- **Task details**
From the first line to the last, copy the material exactly and leave the pictures out.

- **Data block**
=== Section Start ===
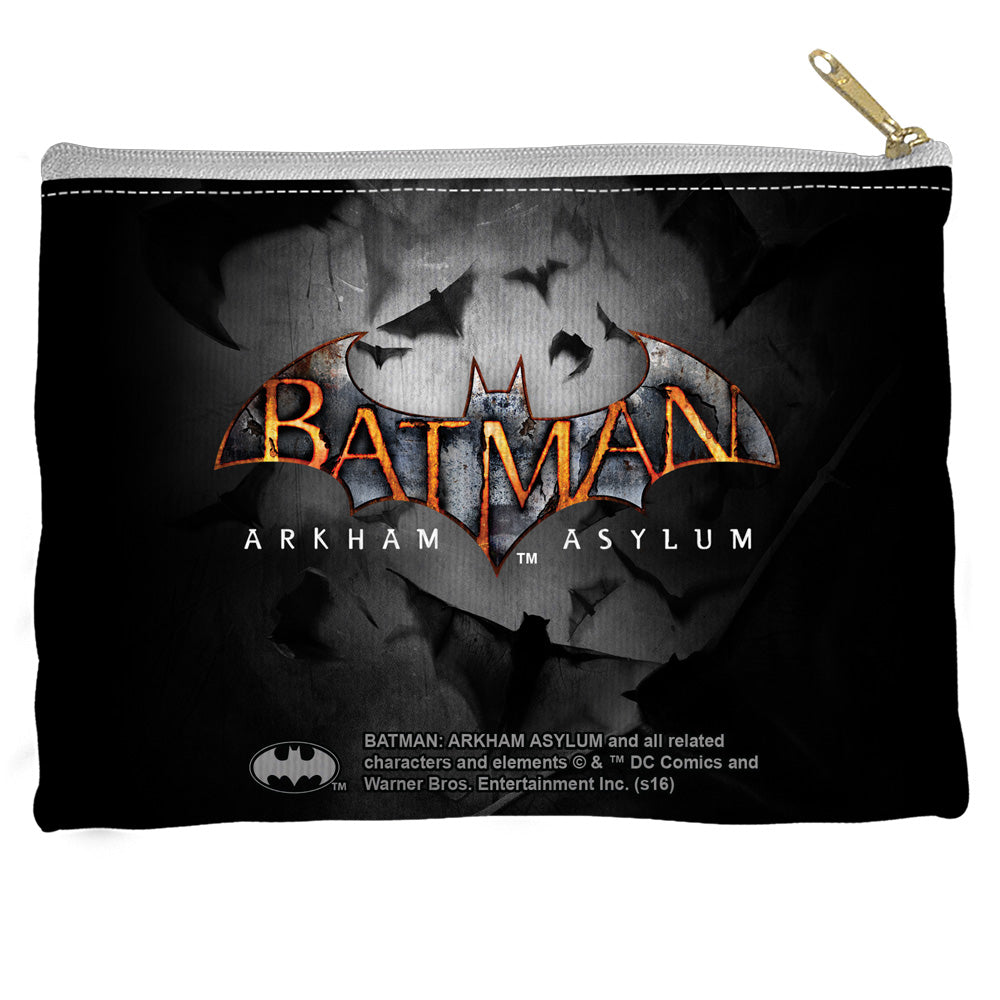 Accessory Pouch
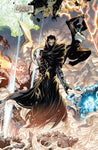 Black Order: Warmasters Of Thanos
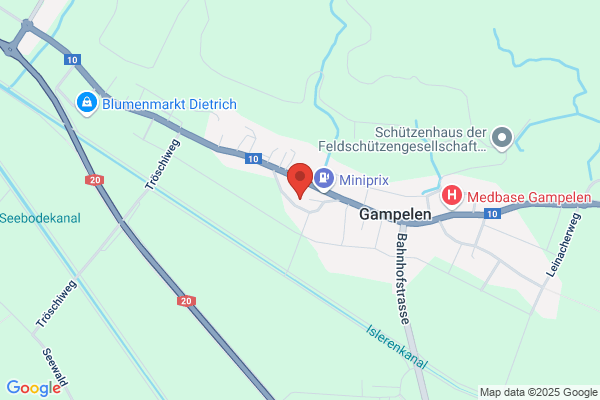 Architekturbuero R. Ruprecht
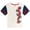 Ivory & Blue Avengers Hulk, Iron Man & Captain America, variant on Marvel Avengers Spider-Man Little Boys T-Shirt and French Terry Shorts Outfit Set Toddler to Big Kid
=== Section End ===
- **Output of the task**
 Accessory Pouch
 Black Order: Warmasters Of Thanos
 Architekturbuero R. Ruprecht
 Ivory & Blue Avengers Hulk, Iron Man & Captain America, variant on Marvel Avengers Spider-Man Little Boys T-Shirt and French Terry Shorts Outfit Set Toddler to Big Kid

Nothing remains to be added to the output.